Barnes, ever a meticulous stylist, performs a remarkable feat of structure in this novel. It is divided into three parts. The first is a sunny romance of tennis and countryside, the story of how Paul, sexually innocent, falls in love and gets together with this older woman, who is—unlike the typical older woman of fantasy and fiction—herself unschooled in the ways of sex because of an unhappy, agamous marriage. Barnes’ narrator tells this section of his tale in the first-person, giving it intimacy and immediacy, and the words and scenes are light and easily ingested. He ends with a poignant line: “And this is how I would remember it all, if I could. But I can’t.”
The second section is in part an appraisal of the events described in the first, a filling-in of blanks. Here become clear the tensions that prevailed in Susan MacLeod’s household, stemming from an alcoholic, abusive husband who has lost all sexual interest in her. In the last section, their love is finally sundered. Though they have escaped together to nest in London, life, instead of turning into an idyll, becomes gritty and real.
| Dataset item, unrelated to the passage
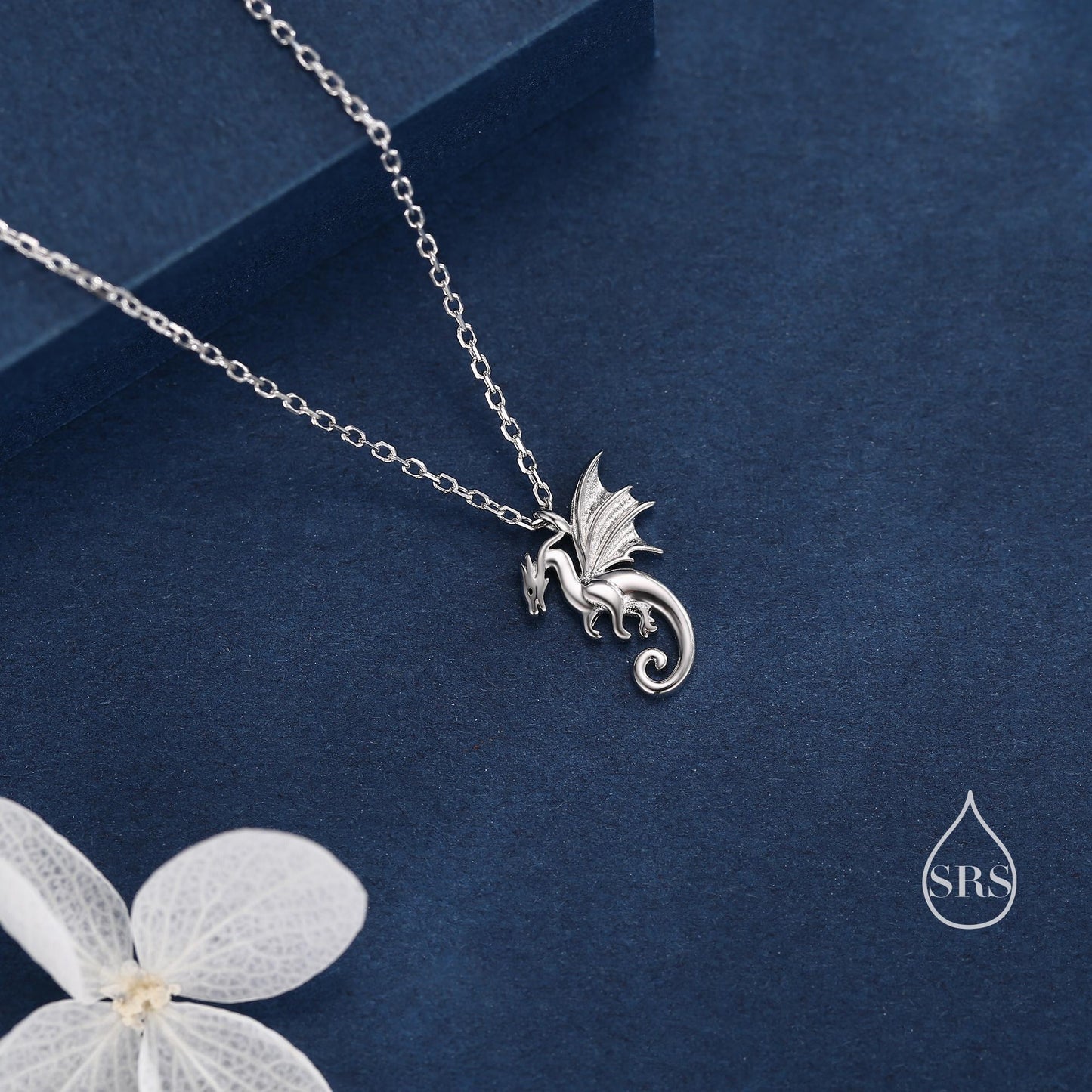 Extra Tiny Dragon Pendant Necklace in Sterling Silver, Silver or Gold or Rose Gold, Flying Dragon Necklace, Small Winged Dragon Pendant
Stunningly, Barnes moves often now to a second-person narration, as if in the act of facing the truth Paul must put some distance between himself and these events. As the damage in their world becomes clearer, as Susan’s alcoholism becomes sharper and has escalating impact, the second-person becomes more insistent, and Paul retreats further from his own story.
In section 3, the love is finally sundered. Paul shrinks away from Susan’s problems, unable to handle their weight. She is committed to an institution. Barnes turns now to a third-person narrative, heightening the narratorial dissonance of the second section. In a jarring, distant voice, Paul tells of what comes after this strange love. The inability to replicate that passion, the refusal to hunt for it too hard, the fleeting visits to Susan’s bedside, her sinking state. The three sections, fitted against one another, come to feel like the summoning of a repressed childhood memory, a retreat from innocence. First the ideal version, glowing tenderly. As the sepia filter fades, a darker, troubled remembrance establishes itself. And then, as to us all, the reckoning.
But here’s what I mean by that image of the two-way mirror. These mirrors—which you might have seen used in interrogation rooms in American cop dramas—work by a mismatch of light. When placed between two rooms that are evenly lit, such a mirror reflects back upon either side. But when one side is dark and the other bright, a two-way mirror allows those in the darkness to see through its surface, to look on to those looking at their own reflections.
In The Only Story, we encounter a relationship that could be a rendition of the Oedipal complex: Susan nurturing Paul, Paul steadying Susan, the child turning to parent, the parent to child, Paul then shrinking away, the burden of that first gift weighing too heavily on him. But, through the two-way mirror, some readers will see this formulation turned on its head. Perhaps through this strange, beautifully imagined love story, Barnes was also trying to show a more universal condition: just how much we take from those who give us life, the burden of that great gift, how we draw the best from them, and how much we fail to give back.